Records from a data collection
★ ★ ★ ★ ★ ★ ★

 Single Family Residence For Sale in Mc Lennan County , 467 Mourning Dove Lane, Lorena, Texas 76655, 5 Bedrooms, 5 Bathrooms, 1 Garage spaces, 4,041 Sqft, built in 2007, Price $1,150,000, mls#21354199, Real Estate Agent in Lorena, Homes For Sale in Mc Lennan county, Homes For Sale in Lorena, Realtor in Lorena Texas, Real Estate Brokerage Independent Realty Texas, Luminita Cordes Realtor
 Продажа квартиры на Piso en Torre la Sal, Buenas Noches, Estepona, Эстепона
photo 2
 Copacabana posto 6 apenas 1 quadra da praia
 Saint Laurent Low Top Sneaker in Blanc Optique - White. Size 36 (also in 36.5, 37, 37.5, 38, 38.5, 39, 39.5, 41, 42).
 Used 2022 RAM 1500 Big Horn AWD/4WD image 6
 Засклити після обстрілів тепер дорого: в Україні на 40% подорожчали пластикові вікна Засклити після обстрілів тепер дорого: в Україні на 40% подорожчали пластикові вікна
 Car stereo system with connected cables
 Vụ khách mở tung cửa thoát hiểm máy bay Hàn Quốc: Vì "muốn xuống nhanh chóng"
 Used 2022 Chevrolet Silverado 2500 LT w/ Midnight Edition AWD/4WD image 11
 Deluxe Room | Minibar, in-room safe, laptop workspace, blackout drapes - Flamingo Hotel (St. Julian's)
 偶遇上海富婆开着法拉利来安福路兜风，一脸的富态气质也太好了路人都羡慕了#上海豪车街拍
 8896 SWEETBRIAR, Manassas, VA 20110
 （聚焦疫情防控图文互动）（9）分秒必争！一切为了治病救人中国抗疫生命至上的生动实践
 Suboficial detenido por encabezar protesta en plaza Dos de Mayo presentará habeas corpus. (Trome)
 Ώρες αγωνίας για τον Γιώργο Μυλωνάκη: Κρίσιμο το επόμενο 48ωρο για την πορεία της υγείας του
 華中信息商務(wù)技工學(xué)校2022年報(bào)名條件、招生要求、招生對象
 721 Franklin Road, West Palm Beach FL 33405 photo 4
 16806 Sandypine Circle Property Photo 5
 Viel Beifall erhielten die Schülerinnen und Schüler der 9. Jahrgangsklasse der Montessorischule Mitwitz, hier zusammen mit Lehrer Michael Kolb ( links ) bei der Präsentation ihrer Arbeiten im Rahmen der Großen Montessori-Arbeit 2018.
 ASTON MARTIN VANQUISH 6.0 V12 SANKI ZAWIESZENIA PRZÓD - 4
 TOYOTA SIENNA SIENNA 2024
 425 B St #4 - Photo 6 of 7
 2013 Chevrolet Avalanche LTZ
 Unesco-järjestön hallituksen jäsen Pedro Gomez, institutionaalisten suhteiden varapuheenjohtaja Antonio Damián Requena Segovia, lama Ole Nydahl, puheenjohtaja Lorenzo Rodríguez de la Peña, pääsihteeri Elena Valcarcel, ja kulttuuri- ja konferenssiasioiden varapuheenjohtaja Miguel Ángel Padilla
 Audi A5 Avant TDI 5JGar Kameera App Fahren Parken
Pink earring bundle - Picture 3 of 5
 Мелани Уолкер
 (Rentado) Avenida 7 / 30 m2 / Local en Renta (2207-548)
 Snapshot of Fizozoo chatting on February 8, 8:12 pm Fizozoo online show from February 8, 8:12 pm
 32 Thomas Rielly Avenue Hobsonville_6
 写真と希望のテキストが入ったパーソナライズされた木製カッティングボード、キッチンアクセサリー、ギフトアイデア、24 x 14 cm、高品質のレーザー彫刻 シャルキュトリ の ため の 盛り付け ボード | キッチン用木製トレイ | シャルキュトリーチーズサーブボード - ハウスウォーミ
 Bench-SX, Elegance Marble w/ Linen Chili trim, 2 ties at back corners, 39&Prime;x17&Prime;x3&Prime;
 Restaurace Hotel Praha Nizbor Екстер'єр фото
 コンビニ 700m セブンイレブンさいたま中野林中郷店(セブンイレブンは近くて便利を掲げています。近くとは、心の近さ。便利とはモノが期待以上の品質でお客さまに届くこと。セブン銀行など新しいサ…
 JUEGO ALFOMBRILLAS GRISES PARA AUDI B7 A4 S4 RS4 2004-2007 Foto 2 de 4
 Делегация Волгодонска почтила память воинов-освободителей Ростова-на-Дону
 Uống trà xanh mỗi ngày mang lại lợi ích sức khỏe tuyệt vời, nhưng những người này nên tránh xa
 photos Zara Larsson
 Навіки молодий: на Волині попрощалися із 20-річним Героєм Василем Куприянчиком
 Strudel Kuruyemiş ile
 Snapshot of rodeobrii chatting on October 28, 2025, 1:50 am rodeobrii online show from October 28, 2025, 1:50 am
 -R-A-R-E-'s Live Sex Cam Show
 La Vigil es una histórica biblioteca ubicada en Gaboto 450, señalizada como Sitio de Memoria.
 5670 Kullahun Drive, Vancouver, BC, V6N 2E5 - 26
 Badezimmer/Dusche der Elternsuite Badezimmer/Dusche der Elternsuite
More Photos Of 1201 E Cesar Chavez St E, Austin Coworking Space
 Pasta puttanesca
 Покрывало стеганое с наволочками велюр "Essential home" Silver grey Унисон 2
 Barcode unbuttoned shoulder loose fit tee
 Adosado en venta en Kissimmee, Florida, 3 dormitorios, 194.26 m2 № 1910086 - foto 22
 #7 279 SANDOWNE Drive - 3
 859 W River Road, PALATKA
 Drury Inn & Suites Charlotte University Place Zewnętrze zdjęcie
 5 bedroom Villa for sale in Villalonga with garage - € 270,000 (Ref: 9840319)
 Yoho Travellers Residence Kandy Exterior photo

★ ★ ★ ★ ★ ★ ★

Every entry should be transcribed exactly, with nothing omitted.

ANSWER TO THE PROBLEM:
 Single Family Residence For Sale in Mc Lennan County , 467 Mourning Dove Lane, Lorena, Texas 76655, 5 Bedrooms, 5 Bathrooms, 1 Garage spaces, 4,041 Sqft, built in 2007, Price $1,150,000, mls#21354199, Real Estate Agent in Lorena, Homes For Sale in Mc Lennan county, Homes For Sale in Lorena, Realtor in Lorena Texas, Real Estate Brokerage Independent Realty Texas, Luminita Cordes Realtor
 Продажа квартиры на Piso en Torre la Sal, Buenas Noches, Estepona, Эстепона
photo 2
 Copacabana posto 6 apenas 1 quadra da praia
 Saint Laurent Low Top Sneaker in Blanc Optique - White. Size 36 (also in 36.5, 37, 37.5, 38, 38.5, 39, 39.5, 41, 42).
 Used 2022 RAM 1500 Big Horn AWD/4WD image 6
 Засклити після обстрілів тепер дорого: в Україні на 40% подорожчали пластикові вікна Засклити після обстрілів тепер дорого: в Україні на 40% подорожчали пластикові вікна
 Car stereo system with connected cables
 Vụ khách mở tung cửa thoát hiểm máy bay Hàn Quốc: Vì "muốn xuống nhanh chóng"
 Used 2022 Chevrolet Silverado 2500 LT w/ Midnight Edition AWD/4WD image 11
 Deluxe Room | Minibar, in-room safe, laptop workspace, blackout drapes - Flamingo Hotel (St. Julian's)
 偶遇上海富婆开着法拉利来安福路兜风，一脸的富态气质也太好了路人都羡慕了#上海豪车街拍
 8896 SWEETBRIAR, Manassas, VA 20110
 （聚焦疫情防控图文互动）（9）分秒必争！一切为了治病救人中国抗疫生命至上的生动实践
 Suboficial detenido por encabezar protesta en plaza Dos de Mayo presentará habeas corpus. (Trome)
 Ώρες αγωνίας για τον Γιώργο Μυλωνάκη: Κρίσιμο το επόμενο 48ωρο για την πορεία της υγείας του
 華中信息商務(wù)技工學(xué)校2022年報(bào)名條件、招生要求、招生對象
 721 Franklin Road, West Palm Beach FL 33405 photo 4
 16806 Sandypine Circle Property Photo 5
 Viel Beifall erhielten die Schülerinnen und Schüler der 9. Jahrgangsklasse der Montessorischule Mitwitz, hier zusammen mit Lehrer Michael Kolb ( links ) bei der Präsentation ihrer Arbeiten im Rahmen der Großen Montessori-Arbeit 2018.
 ASTON MARTIN VANQUISH 6.0 V12 SANKI ZAWIESZENIA PRZÓD - 4
 TOYOTA SIENNA SIENNA 2024
 425 B St #4 - Photo 6 of 7
 2013 Chevrolet Avalanche LTZ
 Unesco-järjestön hallituksen jäsen Pedro Gomez, institutionaalisten suhteiden varapuheenjohtaja Antonio Damián Requena Segovia, lama Ole Nydahl, puheenjohtaja Lorenzo Rodríguez de la Peña, pääsihteeri Elena Valcarcel, ja kulttuuri- ja konferenssiasioiden varapuheenjohtaja Miguel Ángel Padilla
 Audi A5 Avant TDI 5JGar Kameera App Fahren Parken
Pink earring bundle - Picture 3 of 5
 Мелани Уолкер
 (Rentado) Avenida 7 / 30 m2 / Local en Renta (2207-548)
 Snapshot of Fizozoo chatting on February 8, 8:12 pm Fizozoo online show from February 8, 8:12 pm
 32 Thomas Rielly Avenue Hobsonville_6
 写真と希望のテキストが入ったパーソナライズされた木製カッティングボード、キッチンアクセサリー、ギフトアイデア、24 x 14 cm、高品質のレーザー彫刻 シャルキュトリ の ため の 盛り付け ボード | キッチン用木製トレイ | シャルキュトリーチーズサーブボード - ハウスウォーミ
 Bench-SX, Elegance Marble w/ Linen Chili trim, 2 ties at back corners, 39&Prime;x17&Prime;x3&Prime;
 Restaurace Hotel Praha Nizbor Екстер'єр фото
 コンビニ 700m セブンイレブンさいたま中野林中郷店(セブンイレブンは近くて便利を掲げています。近くとは、心の近さ。便利とはモノが期待以上の品質でお客さまに届くこと。セブン銀行など新しいサ…
 JUEGO ALFOMBRILLAS GRISES PARA AUDI B7 A4 S4 RS4 2004-2007 Foto 2 de 4
 Делегация Волгодонска почтила память воинов-освободителей Ростова-на-Дону
 Uống trà xanh mỗi ngày mang lại lợi ích sức khỏe tuyệt vời, nhưng những người này nên tránh xa
 photos Zara Larsson
 Навіки молодий: на Волині попрощалися із 20-річним Героєм Василем Куприянчиком
 Strudel Kuruyemiş ile
 Snapshot of rodeobrii chatting on October 28, 2025, 1:50 am rodeobrii online show from October 28, 2025, 1:50 am
 -R-A-R-E-'s Live Sex Cam Show
 La Vigil es una histórica biblioteca ubicada en Gaboto 450, señalizada como Sitio de Memoria.
 5670 Kullahun Drive, Vancouver, BC, V6N 2E5 - 26
 Badezimmer/Dusche der Elternsuite Badezimmer/Dusche der Elternsuite
More Photos Of 1201 E Cesar Chavez St E, Austin Coworking Space
 Pasta puttanesca
 Покрывало стеганое с наволочками велюр "Essential home" Silver grey Унисон 2
 Barcode unbuttoned shoulder loose fit tee
 Adosado en venta en Kissimmee, Florida, 3 dormitorios, 194.26 m2 № 1910086 - foto 22
 #7 279 SANDOWNE Drive - 3
 859 W River Road, PALATKA
 Drury Inn & Suites Charlotte University Place Zewnętrze zdjęcie
 5 bedroom Villa for sale in Villalonga with garage - € 270,000 (Ref: 9840319)
 Yoho Travellers Residence Kandy Exterior photo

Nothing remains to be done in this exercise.